In the last few minutes adrenaline ran high. The men clutched their weapons. There was a hush onboard, the only sound the muttered prayers of the pious. The enemy ships drew closer and closer, and then, whether someone waved, shouted, or ran up a flag, or whether one of the sailors recognized a mate on one of the vessels, it was suddenly clear that these were not pirates. All apprehension vanished, and the passengers became giddy and lighthearted. It turned out that the fleet was friendly and mostly English. No one on the
Arbella
was going to die, at least not yet.

The women streamed up the ladders, and “mirth and friendly entertainment” ruled the afternoon. Suddenly it seemed a blessing just to be alive. The ship was safe, and the waves were gentle. Offshore fishermen sold the passengers fresh catch; that afternoon Anne and the other women built fires down below (that were carefully encased in boxes of sand) to roast the fish “of divers sorts”—a splurge for this rather tightfisted group.
13
As they ate heartily, the sun still lingering in the sky, they gave thanks for their delivery, and it seems not one person complained about the unnecessary loss of their blankets and bolsters.

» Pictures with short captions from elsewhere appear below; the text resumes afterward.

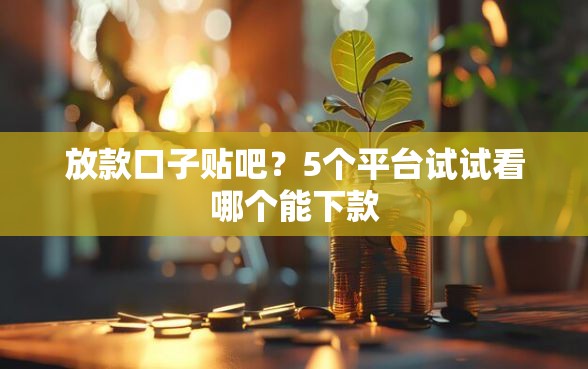 放款口子贴吧？5个平台试试看哪个能下款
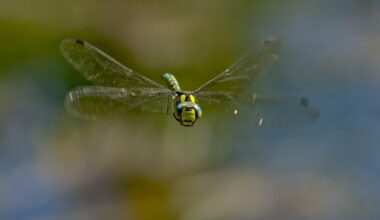 Libelle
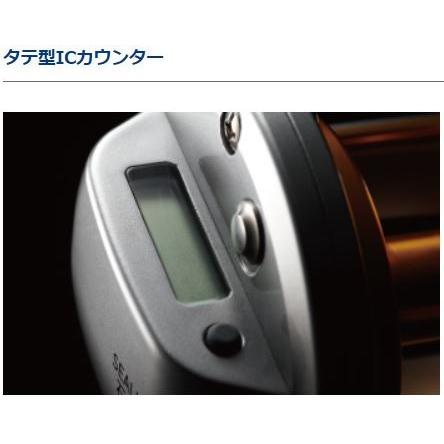 DAIWA（ダイワ） シーライン石鯛 40H遠投 : つり具の銭屋 - 通販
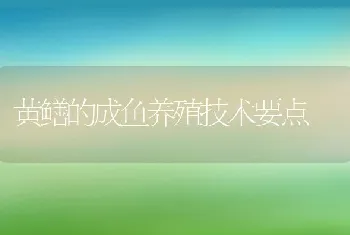 黄鳝的成鱼养殖技术要点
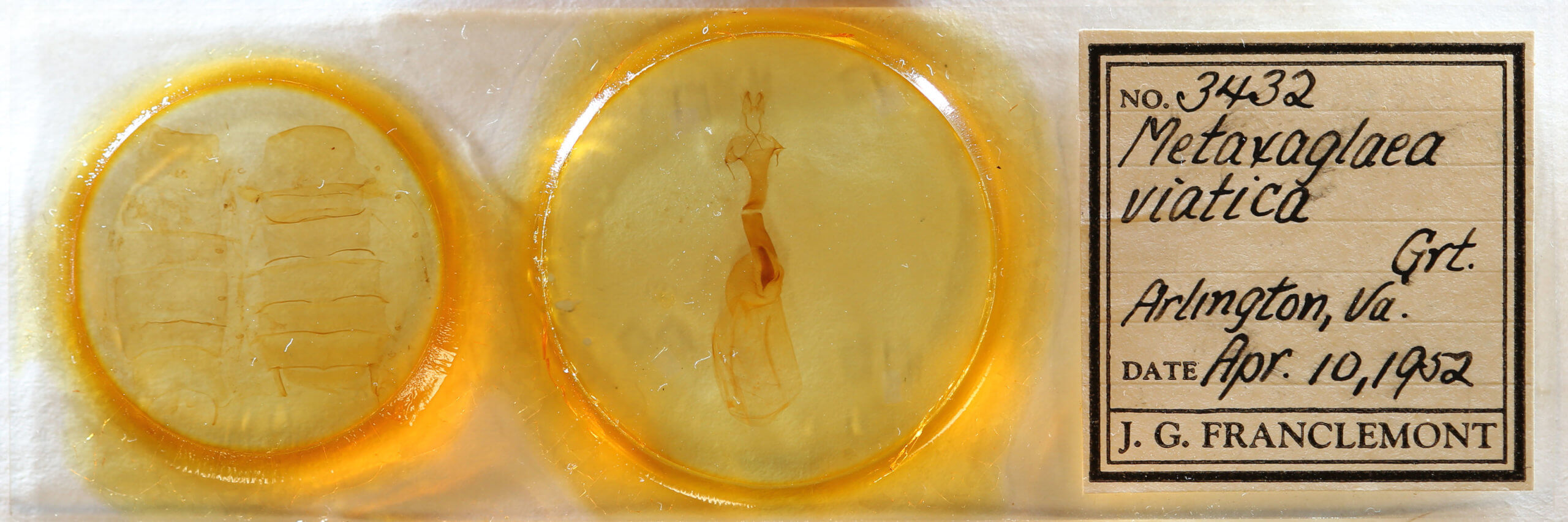 slide view of adult Metaxaglaea viatica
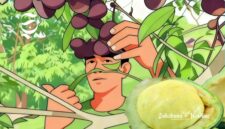 Ilustrasi memetik jengkol dari pohonnya - eukabumiheadline.com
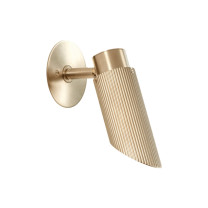 J. Adams & Co Spot Pro Wall Light Satin Brass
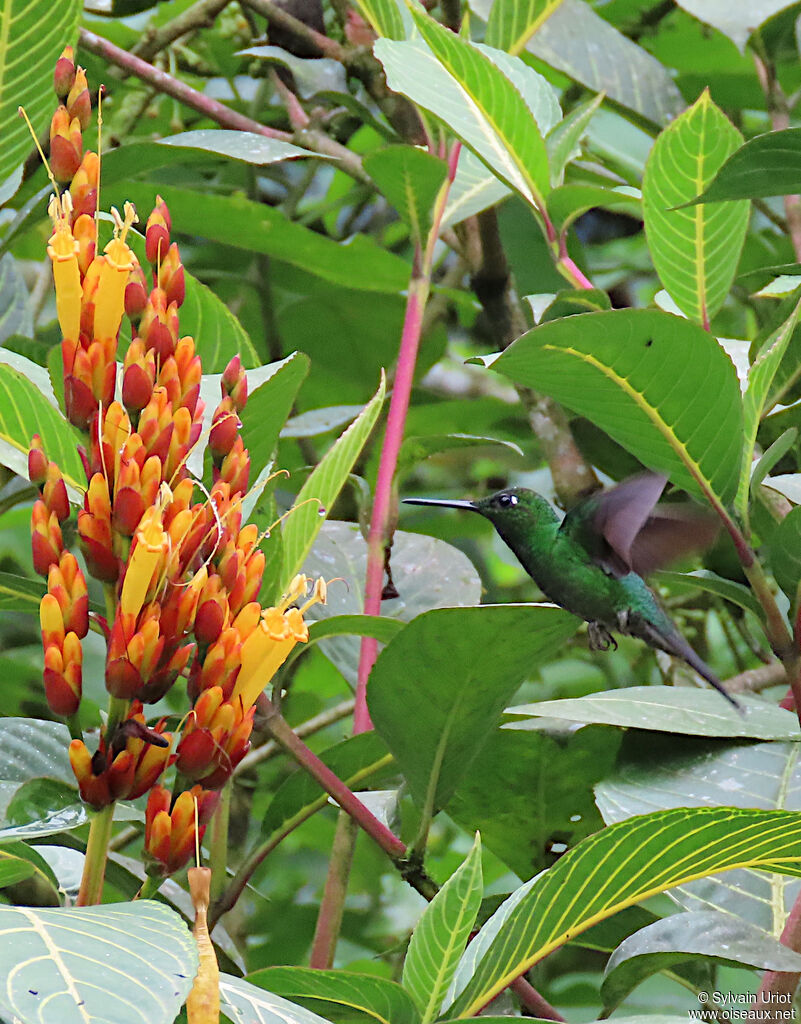 Green-crowned Brilliant male adult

This close brush with danger led Dudley and Winthrop to post lookouts each night in case they ran into any real armed sea bandits. There were certainly plenty around. “Dunkirk rovers, Dutch capers, Irish raiders, and French, Flemish and Spanish privateers” were all likely to be lurking in the waters ahead, and everyone had heard horrible stories about “the Islamic Sallee-men, ‘Turkish’ raiders from Algiers” who captured English people and sold them as slaves.
14

Of course, even without the threat of piracy, on the ocean nothing could be counted on—a good theological lesson from the Puritan perspective. Still, it was tempting to try to discern patterns in the chaotic weather, and since most pious travelers believed that their success hung upon the state of their consciences, this meant that everyone’s mind and soul had to be clear if they were going to have a smooth passage.

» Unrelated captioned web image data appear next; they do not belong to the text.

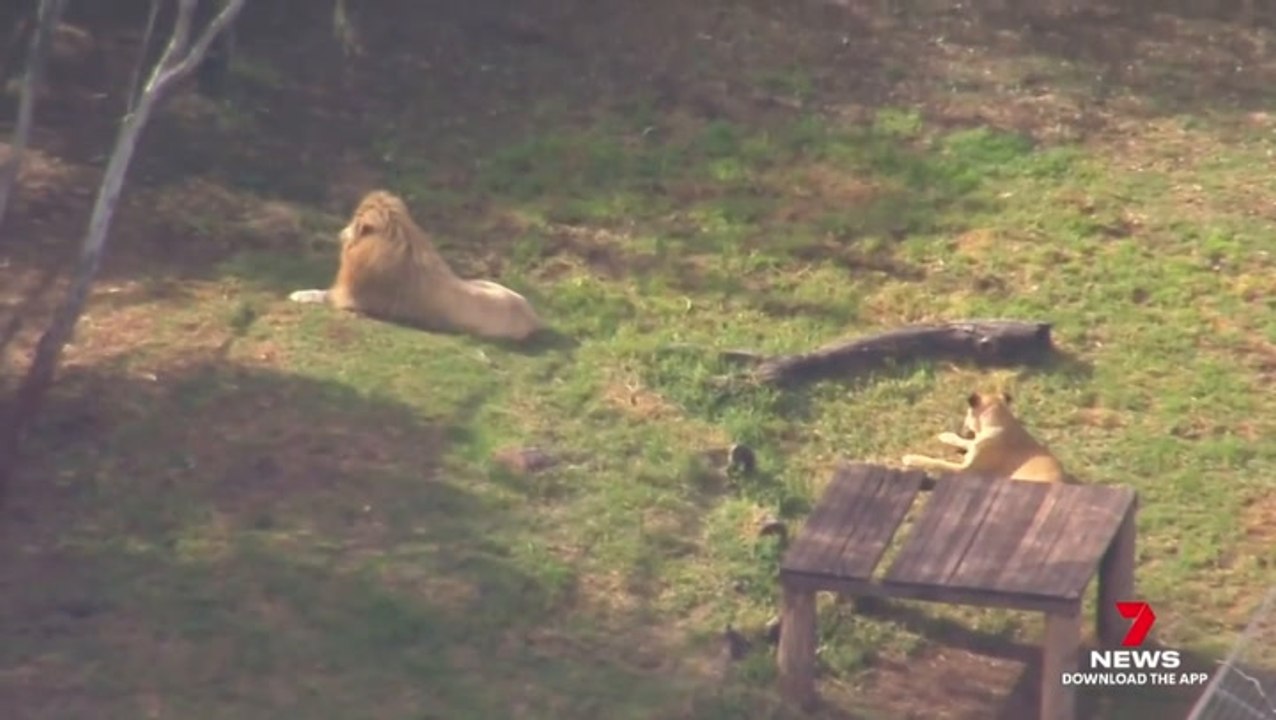 Woman mauled by lion in zoo enclosure airlifted to hospital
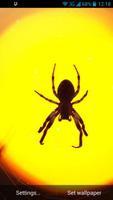 Spider Live Wallpaper الملصق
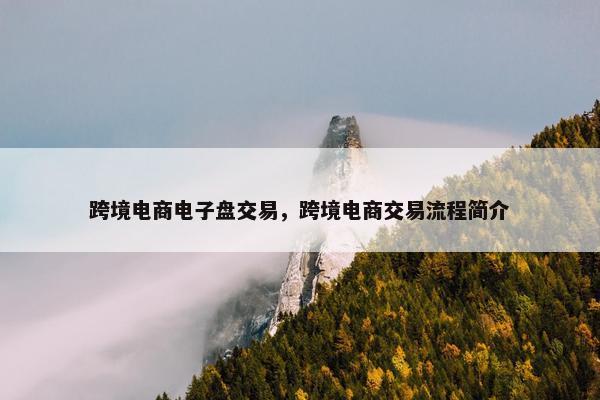 跨境电商电子盘交易，跨境电商交易流程简介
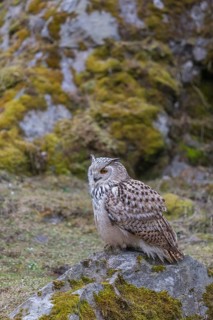One Siberian Eagle Owl (Bubo bubo sibiricus) sitting on a mossy rock with rocks and grass in the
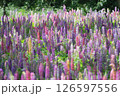 ルピナス群生 126597556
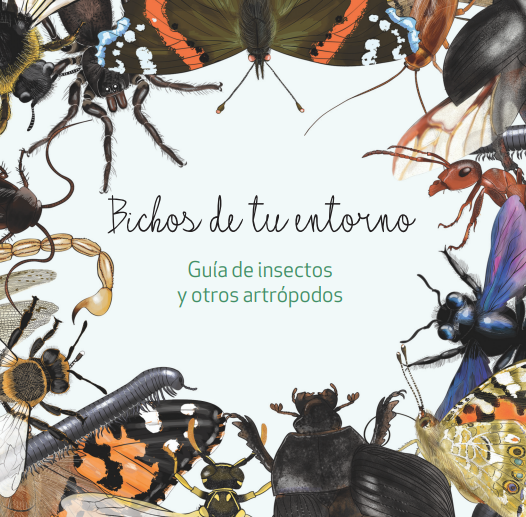 leeres's tweet photo. Descárgate la guía «Bichos de tu entorno» del @CSIC. Con esta guía podrás reconocer los insectos y otros artrópodos que viven cerca de ti. Para todos los públicos a partir de 8 años. https://t.co/mcKp9SVxH6 https://t.co/Prtgv27reM
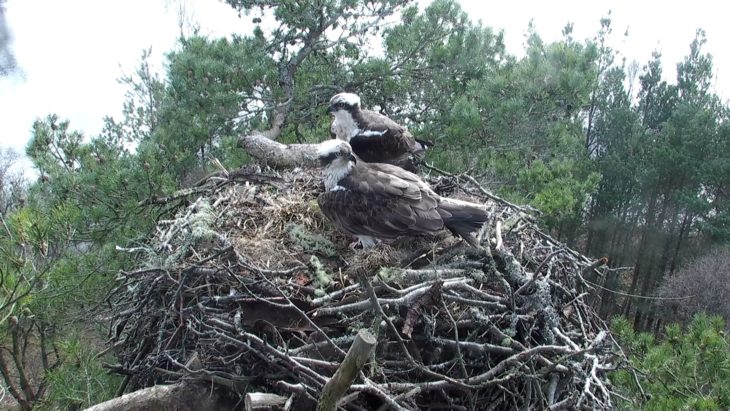 how many eggs do osprey lay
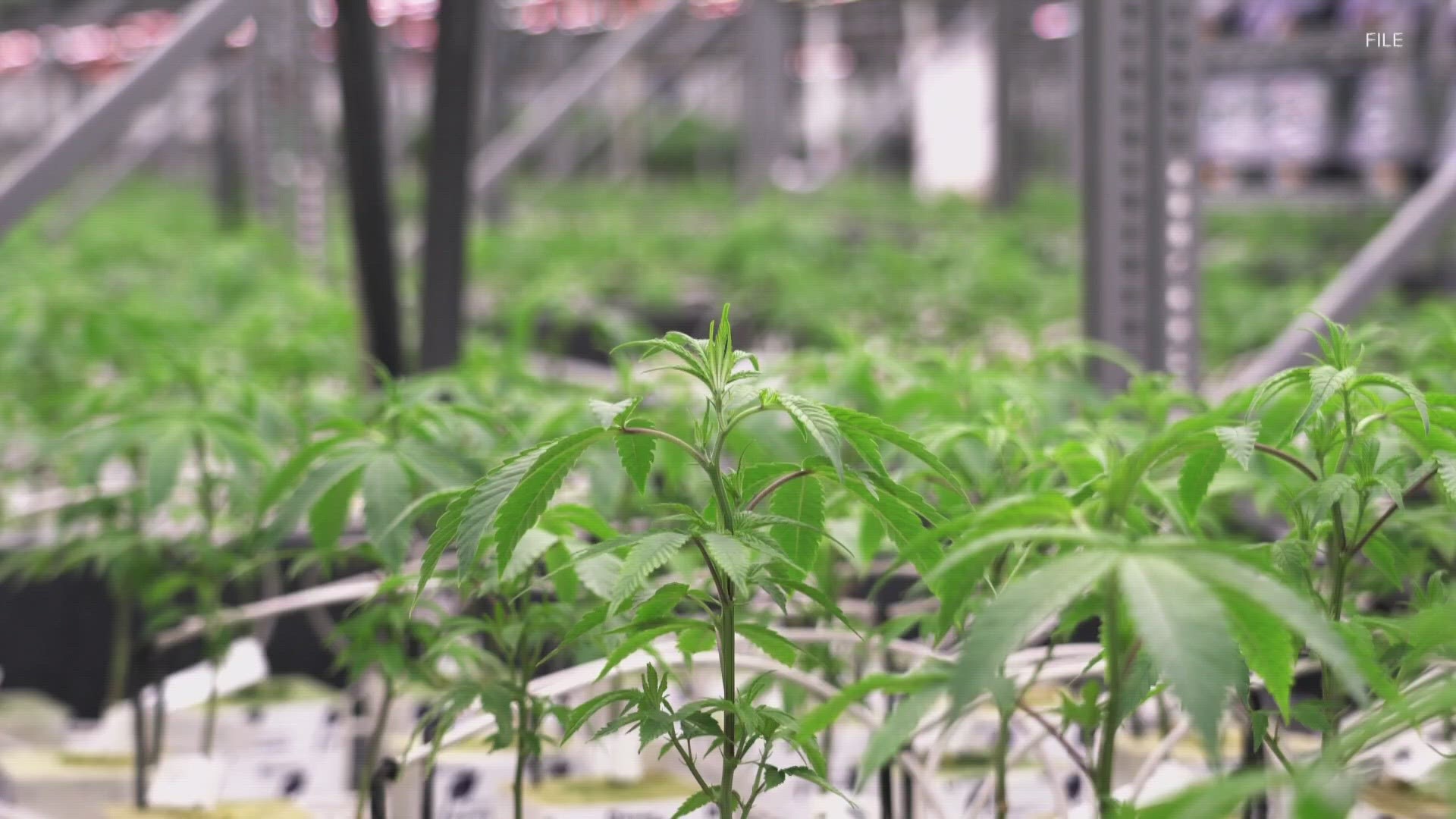 Kentucky Senate Passes Bill Allowing the Use of Medical Marijuana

Soon after their pirate scare, a thick fog engulfed the boat; immediately, a fight broke out on deck between “two young men, falling at odds.” Naturally, the two events seemed connected. As punishment, the quarreling fellows were forced “to walk upon the deck till night with their hands bound behind them.” But when the fog still didn’t lift, it was clear that something else was amiss. It was now up to Dudley and his team to scour the ship, like some kind of Puritan secret police. Within a few hours, he and Winthrop discovered another man, who used “contemptuous speeches in our presence.” This errant soul was “laid in bolts till he submitted himself, and promised open confession of his offence.” No sooner had they taken this action, Winthrop wrote, than the fog was blown away by “a fresh gale at N and by W, so we stood on our course merrily.”
15
Once again the pious had evidence for the link between their progress and their souls.

As the days passed, Dudley and Winthrop became worried about the passengers’ weakness and growing despondency and came up with a plan for bolstering their spirits.

Our children and others, that were sick, and lay groaning in the cabins, we fetched out, and having stretched a rope from the steerage to the mainmast, we made them stand, some of one side and some of the other, and sway it up and down till they were warm, and by this means they soon grew well and merry.
16

When there were storms, however, there was little Winthrop and Dudley could do to cheer their flock. Even if they prayed publicly for deliverance, no one could hear them. The wind howled. The water slammed against the hull. Anything that was not fastened down flew through the air or skidded across the floor. These were desperate times, when each pious individual had to lean heavily on faith in order not to panic.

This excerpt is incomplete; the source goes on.